With that, the pastor moved to freshly dug hole, noticing that the concrete vault was already closed. He read a passage of scripture. Though he dispensed with his prepared sermon, he offered a lengthy prayer. He thanked the men for their patience and drove on to the church for the covered dish dinner.

As the young pastor took his leave, the man next to the backhoe lit a cigarette. He turned to the man leaning on the shovel and said, “I’ve been in this business for thirty years. This is the first time I have ever seen anybody read the Bible and pray over a septic tank!”

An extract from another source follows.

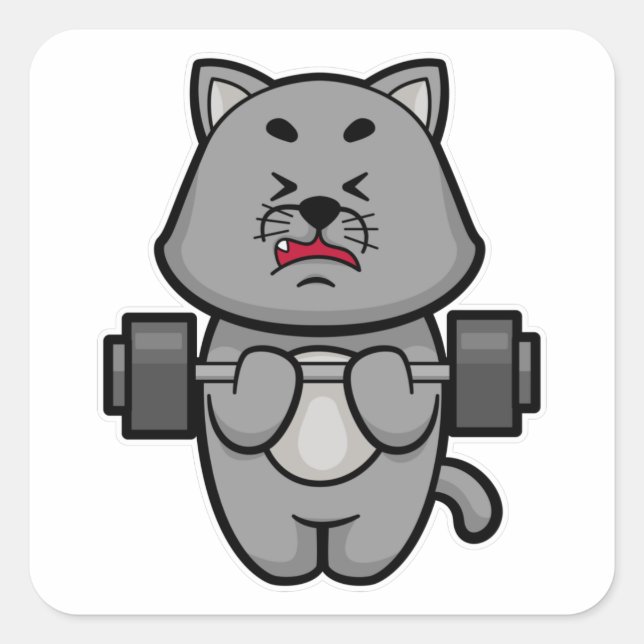 Sticker Carré Cat Biceps formation avec Barbell (Devant)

Mr. Jack was my father-in-law.  He was a storyteller, with a quick wit and a wry smile that endeared him to almost everyone.  His speech was as colorful as my grandfather’s, salted with Southern witticisms and profanity.  Shortly before his death from congestive heart failure, Mr. Jack and I had a private conversation.  His acceptance of his impending death was evident.  “This path that I’m on is getting mighty narrow.  I don’t believe I’m going to be able to turn around this time.”

He asked me to conduct his funeral.  He said, “Kirk, you’re going to have to look out for Lib (his wife, my mother-in-law).  She’s going to need help, and I know I can count on you.”

I felt the burden of that responsibility, but I would not have had it any other way.  He told me that he had written two letters to the family.  One was to be read immediately after his death, before arrangements were made for his funeral.  The other letter was to be read immediately after his funeral.  I would find both letters inside a ledger in the top right hand drawer of his rolltop desk.

Two weeks later Mr. Jack died. The family gathered the morning after his death, and I read the first letter aloud.  He had included so much of himself, so much humor, that we laughed together for nearly an hour.  His directions on finding pallbearers were especially funny.  “Now that I’m gone,” he wrote, “they may all refuse to attend.  But they all owe me in one way or another.”

He went on to say, “Kirk, I know you’re a Baptist preacher, but you may have to give them bourbon whiskey if they’re to be pallbearers. They’ll do better if they’re liquored up.”

With that first letter, Mr. Jack had established an attitude of joy for his own funeral. The men agreed to be pallbearers, and I didn’t have to get them liquored up. They took care of that themselves.

The family went to the local mortuary in the small town where Clare’s parents lived to make the funeral arrangements for Mr. Jack.  We selected a polished pine casket because he had enjoyed woodworking. The funeral director then showed us a selection of vaults.

“We have three to choose from,” he said in a somber tone.

“What is the difference?” I inquired.

Pointing to the top one he said, “This is our top-of-the-line model.” He paused and added, “It comes with a lifetime guarantee.”

I stared at him in amazement. “Whose lifetime are we talking about?”

He stammered, “I don’t really know.”

“How can a vault have a lifetime guarantee?”

“No one has ever asked that.  That’s just what they told me to say.”

We purchased the bottom-of-the-line model.

You can imagine the laughter in Mr. Jack’s service when I told the story of the vault selection.  You may also be able to imagine the chagrin of the funeral director.

Following the drive back from the burial in the country churchyard, I again gathered the family to read the second letter.  We could hardy wait.  It was a sweet, touching letter about his love for each of us.  He included a section on how he had tried to provide for his wife and his children.  Then this line, “Lib, I believe there will be enough for you to live out your days in contentment and comfort.  You will not be able to live in the lap of luxury, and there is certainly not enough for you to have a live-in boyfriend.  If you take up with somebody, I may have to come back and straighten things out.”

The wisdom of the Bible says, “A cheerful heart is good medicine.” Laughter is a natural tranquilizer, and, as far as I can tell, it has no adverse side effects. There is, as Scripture affirms, “a time to weep and a time to laugh.”

In my experience, grief is a time for both.